A field guide to growing up without growing apart

One Step Back, Two Steps Forward

12407282-256-k244971As 20somethings we’re no strangers to failure, often finding ourselves paralyzed by indecision or blinded by ambition. We cringe daily at what we didn’t do and what we haven’t become, what we said and what we believed and yet, as much as we stumble we still find ourselves on the other side a little different. No matter how much we do or don’t do we still grow up every day. Isn’t it possible that for ever step back we take we take two steps forward?

Over the last year I’ve taken a lot of steps backwards. I quit a great office job, lived with my parents, lost touch with friends, and spent an unnecessary $10,000. But I also got to travel Europe for 5 months, something that I’d always wanted to do and would have likely regretted missing out on. Sure, my life isn’t moving as linearly forward as it could be right now, but it is still moving forward. Every step forward that I had to give up this year was worth the one big step in a slightly different direction. For everything I’ve lost I’ve grown closer to the person I want to become.

Now that I’m back in the USA I’ve had to make a few more decisions, mainly whether or not to throw myself back on the office job track I was on before this “set back.” As of last week I bought myself a bit more time to figure things out by taking a summer job that in many ways is the biggest step back I’ve taken so far.

For the rest of the summer I’ll be working at the ski resort I grew up on, manning the carousel and the mini golf shack, helping children rock climb and adults get safely down roller coasters. With a smile and tons of sunscreen I take tickets and load ski lifts, answer questions and deal with bumps and bruises. The work is dirty and our shifts are long (12 hours on Sat and Sunday), and my coworkers are college kids and ski bums, uneducated and unmotivated. On paper, living with my parents and working for $9 an hour at a job that I could have gotten 10 years ago is a pretty significant step back.

But as far back as this step seems, in reality this job is perfect for me right now. They hired me immediately, putting me to work only two days after I applied. My hours are flexible and I live less than 15 minutes away from the resort and coworkers I’m already familiar with. My boss only shrugged when I told him that I’d want to miss 17 days of work in August for family vacations. When I get home I feel accomplished, exhausted and stronger from working outside and building callouses. And to top it off, everyone knows this it isn’t permanent.
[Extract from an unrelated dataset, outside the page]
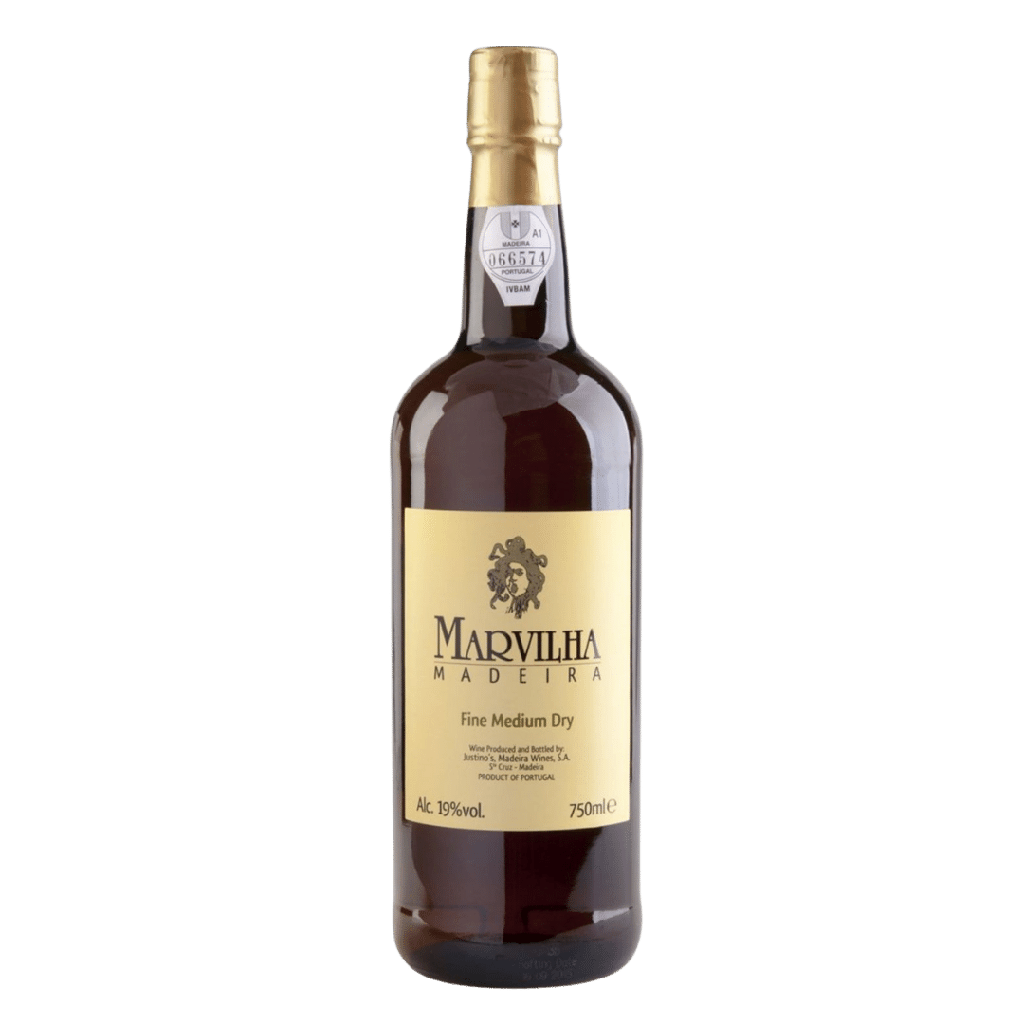 Marvilha Madeira 75cl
Everyone I meet has stories of what they’ll do in the winter, where they’re going in just a few more weeks. For the first time in a long time I don’t feel guilty for working somewhere I know I won’t stay. And after traveling every day for the last 5 months, now I have a few weeks to catch up on projects and focus on what I want to do next and how to make it happen.

I’ve taken a lot of steps backwards this year, but I’ve also taken more steps forward, choosing to do what I want and need to do instead of what I think will look good on my resume. I’m happy. And even though I’m overqualified for this job, doesn’t mean it isn’t the best thing for me to do right now. I’m grateful for it and every step backwards I’ve taken in my life, because really, they’re steps forward too.